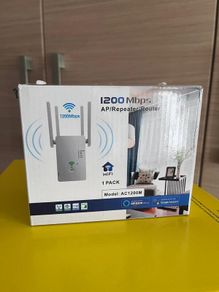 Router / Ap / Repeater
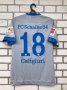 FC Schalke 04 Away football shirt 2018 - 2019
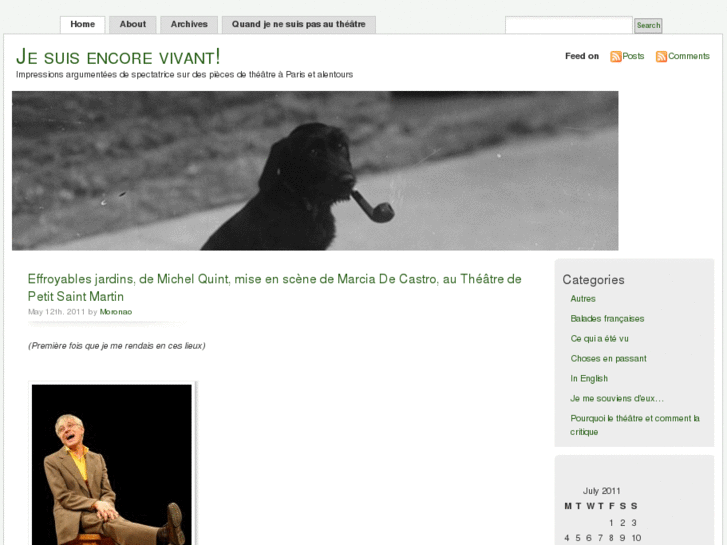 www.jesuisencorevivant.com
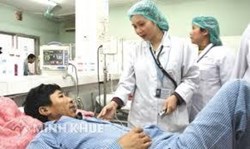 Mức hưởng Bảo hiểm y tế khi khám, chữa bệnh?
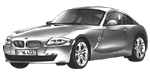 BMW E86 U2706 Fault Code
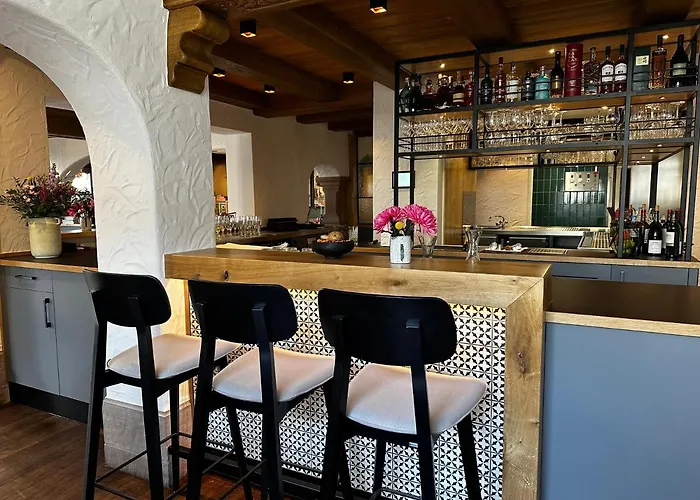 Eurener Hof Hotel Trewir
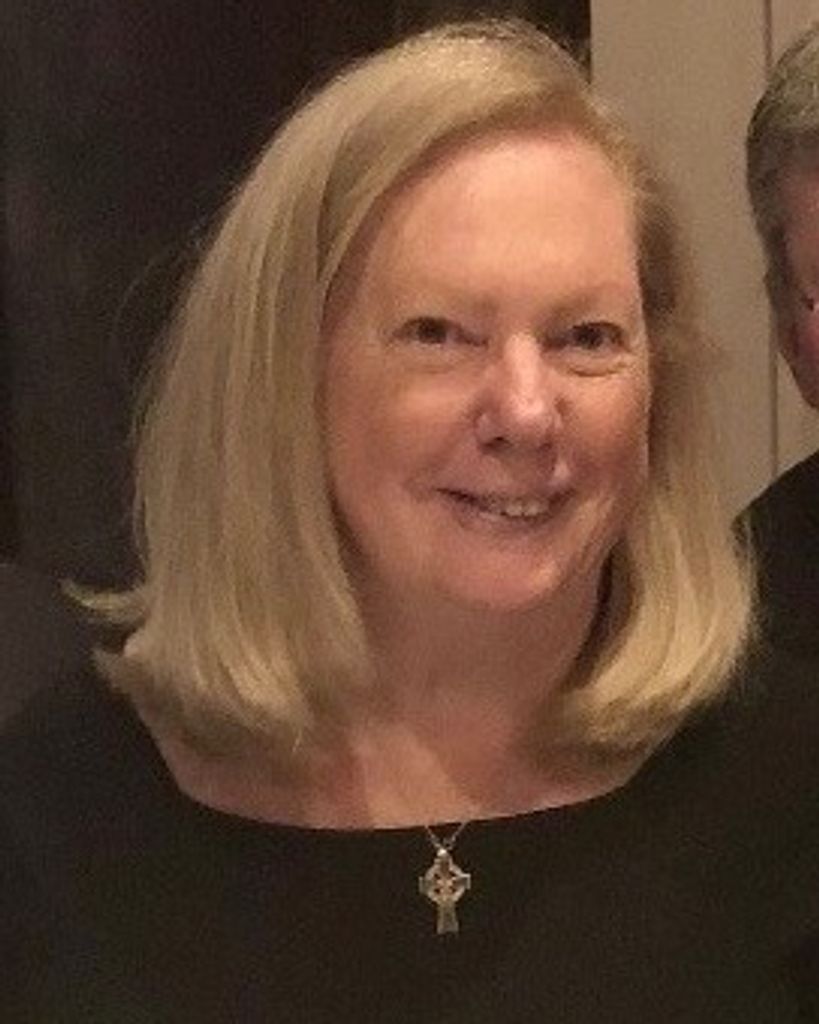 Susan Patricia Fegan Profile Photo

------------------------------

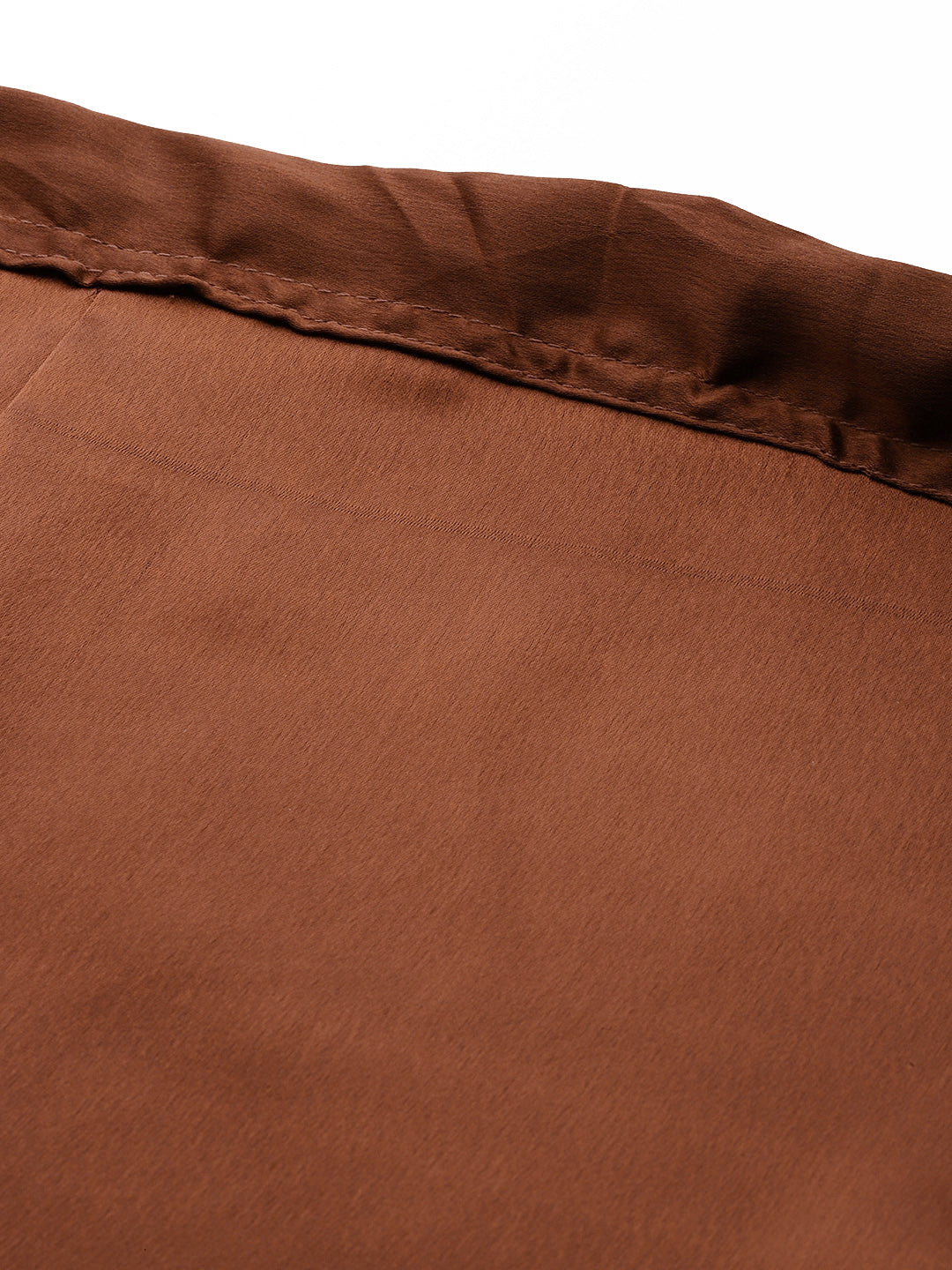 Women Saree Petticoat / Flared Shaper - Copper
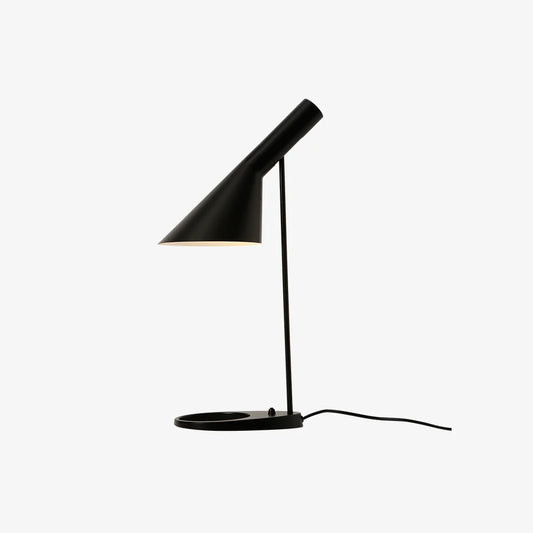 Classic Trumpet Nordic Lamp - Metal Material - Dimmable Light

------------------------------

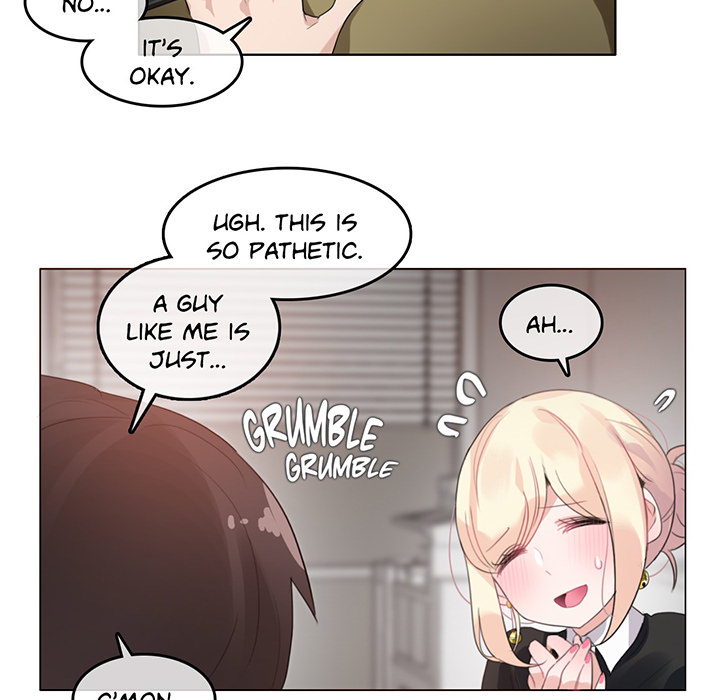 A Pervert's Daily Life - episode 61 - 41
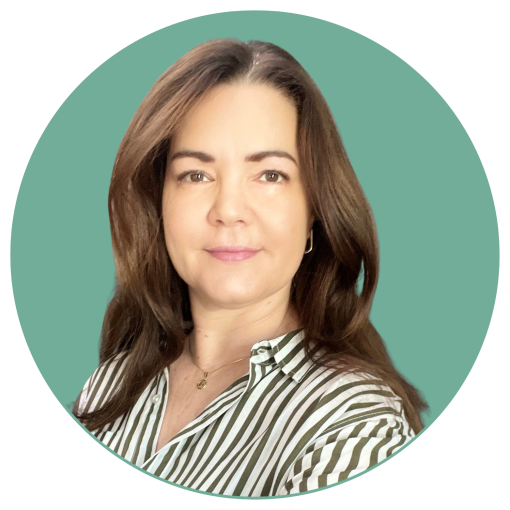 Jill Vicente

------------------------------

* What the task requires
Transcribe only this stretch of the data: the line with "Router / Ap / Repeater", the line with "Susan Patricia Fegan Profile Photo", and every line in between. Leave out the pictures.

* Result below
 Router / Ap / Repeater
 FC Schalke 04 Away football shirt 2018 - 2019
 www.jesuisencorevivant.com
 Mức hưởng Bảo hiểm y tế khi khám, chữa bệnh?
 BMW E86 U2706 Fault Code
 Eurener Hof Hotel Trewir
 Susan Patricia Fegan Profile Photo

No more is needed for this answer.